Wednesday, September 21, 2011

Happy Birthday, Sergei Yesenin



Happy Birthday, Sergei Yesenin 
(September 21, 1895 - December 27, 1925)

The  yellow-hued rope you hung yourself with
still swings in Moscow, back and forth, back and forth.
When he got the news, Stalin danced in mockery of Isadora.

Five marriages in twelve years can wreck a man:
Anna Izryadbnova was the first song of love,
Zinaida Raikh sprinkled lemon juice on the sheets,
going-fat Isadora gave you a taste of American bourbon,
and you hitched-up with Augusta Miklasheyskaya
before butter could melt on Isadora's rye bread toast.
Before there were movie stars, there were poets.
Perfumed silken girls, girls fresh from ten-chicken villages,
begged you to tease, to suck and love them...
more girls than all the wind-blown fir trees in Russia.
Vodka, vodka, more vodka... and more love:
poet Nadezhda Volpin gave you a poet son.
Near the break-furniture, set-fire-to-hotel-rooms, end,
Sophia --Leo Tolstoy's granddaughter-- dragged you
to a hospital for a no-vodka, screaming month.

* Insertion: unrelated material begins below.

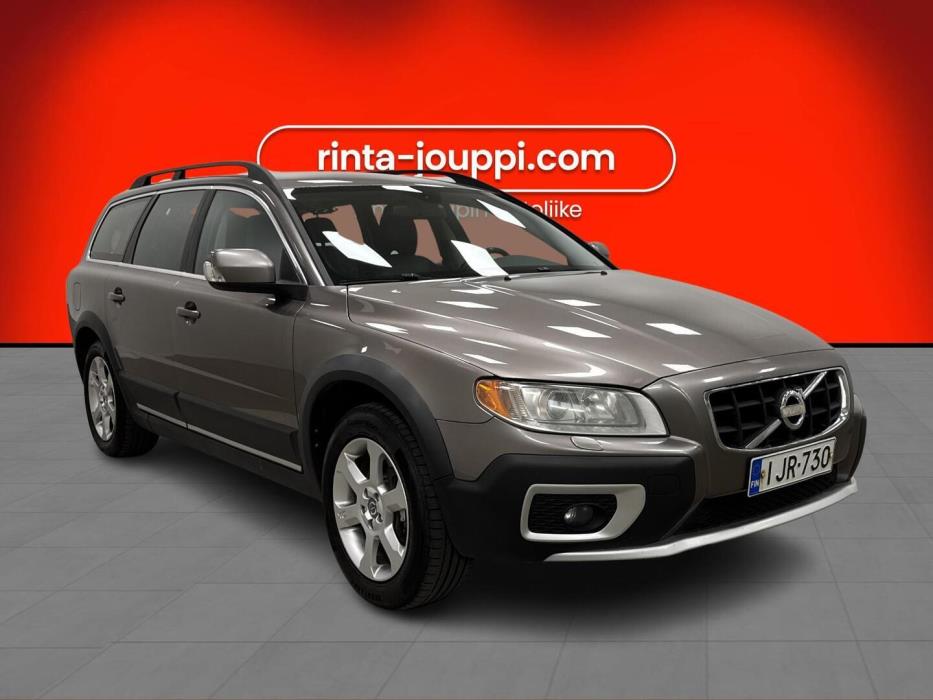 VOLVO XC70 2010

Now, on the other side, how do you, and Jim Morrison,
and Georg Trakl, grind-out eternity?  Do you run into Stalin?
Is there a heaven with peace?  Is dinner served promptly at five?
Do the wives, all five, and the girlfriends, hundreds of girlfriends,
offer sunrise kisses as you prepare to sleep all day long?

You might like it here, Sergei.  Toaster waffles for breakfast.
Dark tea.  No smashed-head cadavers... like the ones
Stalin's thugs dragged you past to change your poetry.
Here it's as quiet as the skittering of brittle autumn leaves. 









Friday, September 9, 2011

A Dirge for Paul Funge

 Paul Funge
1944 - 2011


A Dirge for Paul Funge

It was an exaltation of pure joy... the painting,
the friendships near and windblown.
Now it's better to laugh, stifle a growl...
better to remember us drunk in San Francisco,
a short walk to the surf, snug and well fed
in a surviving '06 quake Victorian,
bombastic for art and poetry...
four decades ago... how you passed out
on a wide couch in a bottle-clogged
front room, my Irish Wolfhound, Bran,
curled at your feet, proprietary guard
of your sleep, your dreaming of new paintings.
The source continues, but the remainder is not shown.